Postby The Modernist » 22 Jan 2018, 17:54

Rayge wrote:
The Modernist wrote:I think UK punk initially was an aggressive variant of pub rock, inspired by The Feelgoods as much as the Stooges. It quickly got packaged and given a manifesto by McClaren which was disseminated by 3 or 4 influential writers on the music press. It was during this process that The Stranglers got ex-communicated as not ticking some of the boxes, but, for me, they were part of it.


That's one way of thinking about it, G, but there's a lot of hindsight involved. After all, it's more than 40 years ago: how old were you in 1976?
And while the Feelgoods were an influence, they weren't mainstream pub rock, and The Ramones were the main influence on the ramalama stuff, while both the Clash and the Pistols name-checked the Stooges and Dolls...
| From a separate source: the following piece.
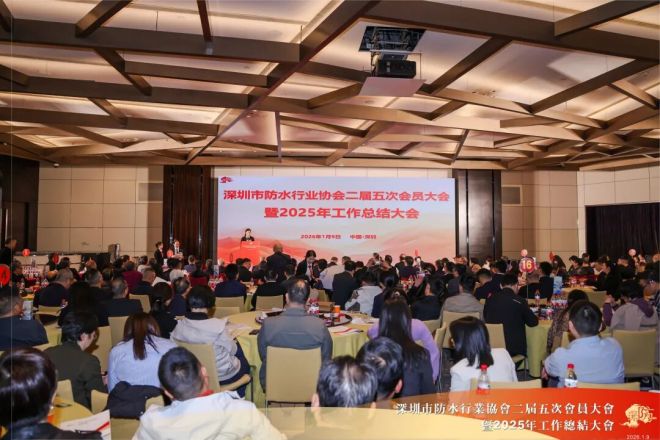 2026首场防水大会，280人相聚鹏城！深圳市防水行业协会二届五次会员大会暨2025年工作总结大会召开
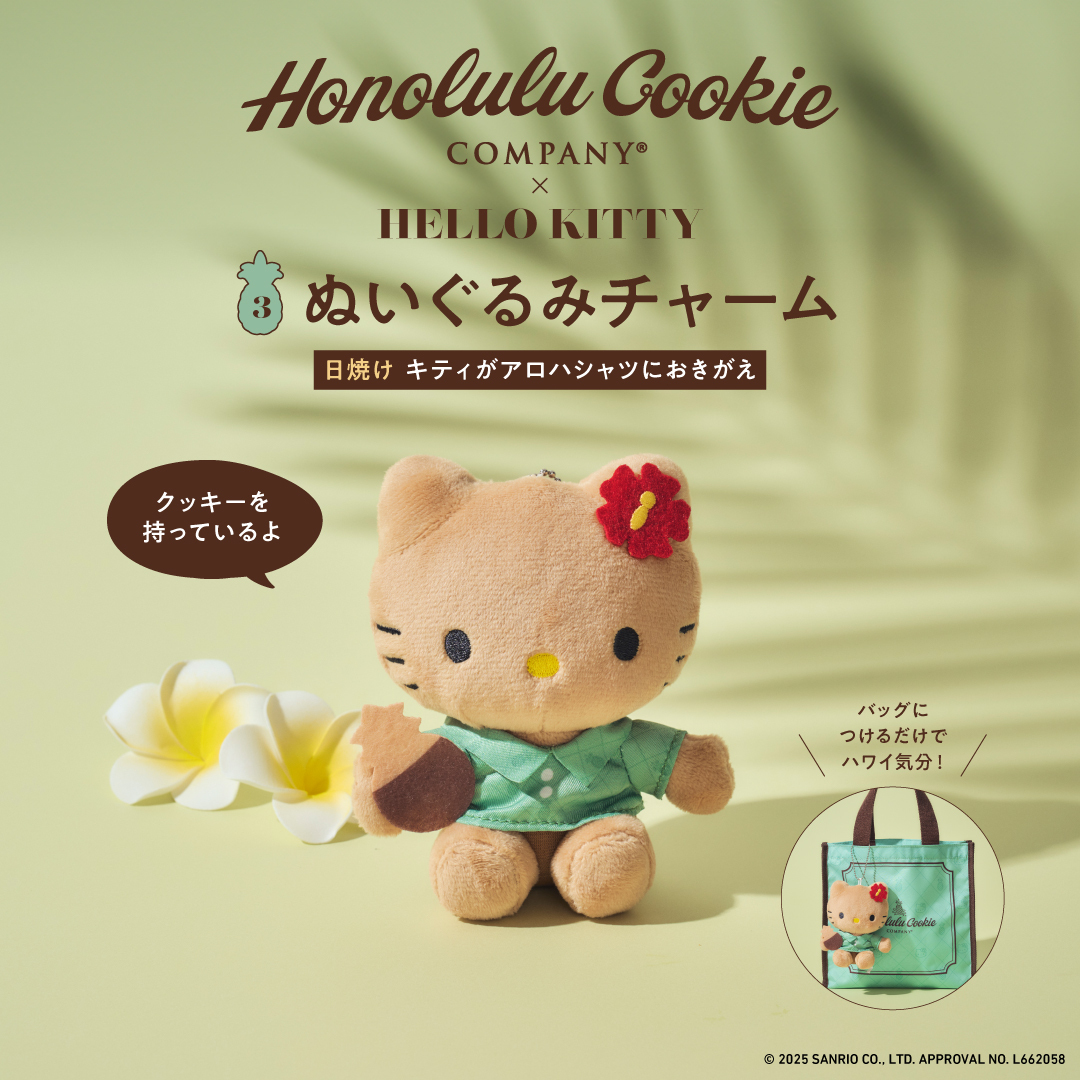 Honolulu Cookie Company × HELLO KITTY 3点 🍍 LIMITED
It wasn't just The Stranglers. 999 had ex members of Kilburn & The High Roads, and most famously, of course, Strummer had come from the101ers.
So I think there was a continuum from pub rock into punk. The McClaren/Westwood/Rhodes vision of punk wanted a year zero approach that very much separated and created a them and us - this is what punk bands look like, this is what they should say. But it was a construct, though a highly influential one which forms our notion of punk from 77 onwards. It is much less useful as a historical explanation of why that generation of bands appeared when they did and sounded the way they did. It's why we can have the endless, and somewhat tedious, arguments over whether The Jam should be considered punk or not. For me they should all be considered part of the same scene, given they shared enough in terms of energy and attitude.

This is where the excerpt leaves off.